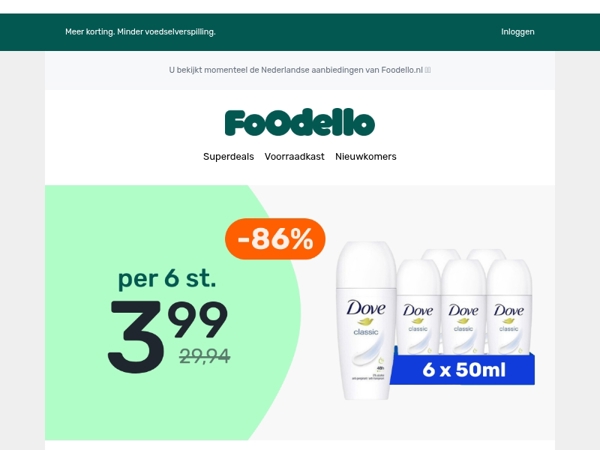 Deze deo-aanbieding ruikt goed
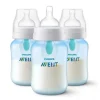 Philips Avent Avent - Garrafa anti-cólica de 3 unidades com ventilação sem ar, 9 onças, azul Online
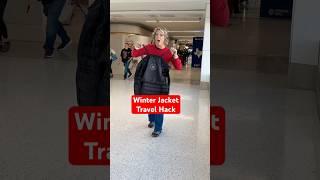 Travel Hack for a Jacket #holidaywithyoutube #travelhacks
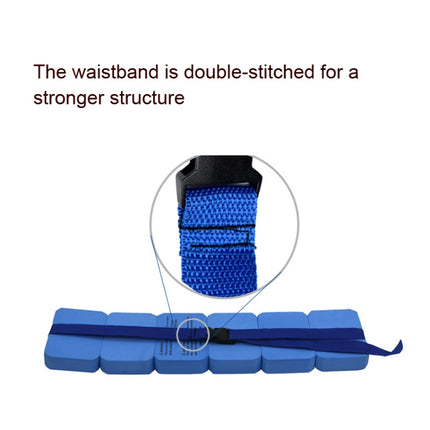 EVA Training Pool Foam Belt Adjustable Back Floating Foam Swimming Floating Waistband(Blue)-garmade.com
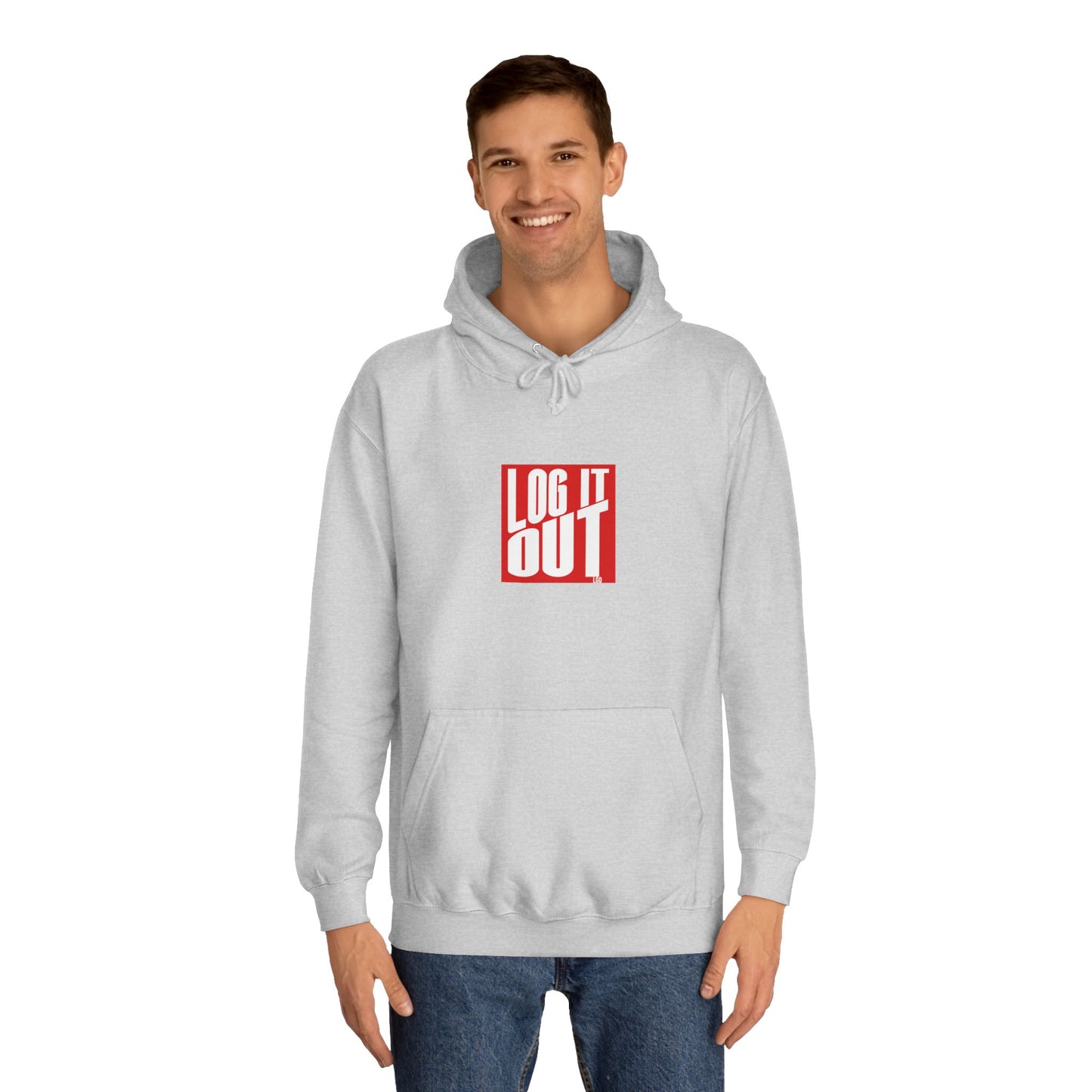 Unisex Hoodie with 'LOG IT OUT' Design for Everyday wear, Gift for Graduates, Relaxed Fit Hoodie,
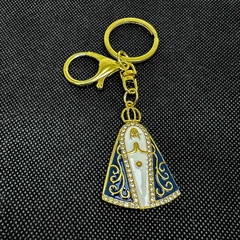 Chaveiro Nsa. Sra. Aparecida Manto Azul Com Strass - comprar online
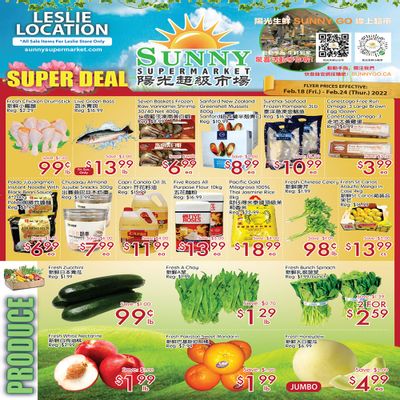 Sunny Supermarket (Leslie) Flyer February 18 to 24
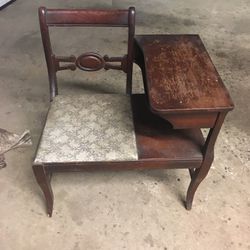 Gossip Chair ,,, Antique Phone Table School Desk 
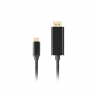 Lanberg USB-C to DisplayPort Cable, 3 m 4K/60Hz, Black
========================================================================
→ **Assignment**: Could you restate the entries word for word, skipping any pictures?

→ **Written answer**:
 Deze deo-aanbieding ruikt goed
 Philips Avent Avent - Garrafa anti-cólica de 3 unidades com ventilação sem ar, 9 onças, azul Online
 Travel Hack for a Jacket #holidaywithyoutube #travelhacks
 EVA Training Pool Foam Belt Adjustable Back Floating Foam Swimming Floating Waistband(Blue)-garmade.com
 Unisex Hoodie with 'LOG IT OUT' Design for Everyday wear, Gift for Graduates, Relaxed Fit Hoodie,
 Chaveiro Nsa. Sra. Aparecida Manto Azul Com Strass - comprar online
 Sunny Supermarket (Leslie) Flyer February 18 to 24
 Gossip Chair ,,, Antique Phone Table School Desk 
 Lanberg USB-C to DisplayPort Cable, 3 m 4K/60Hz, Black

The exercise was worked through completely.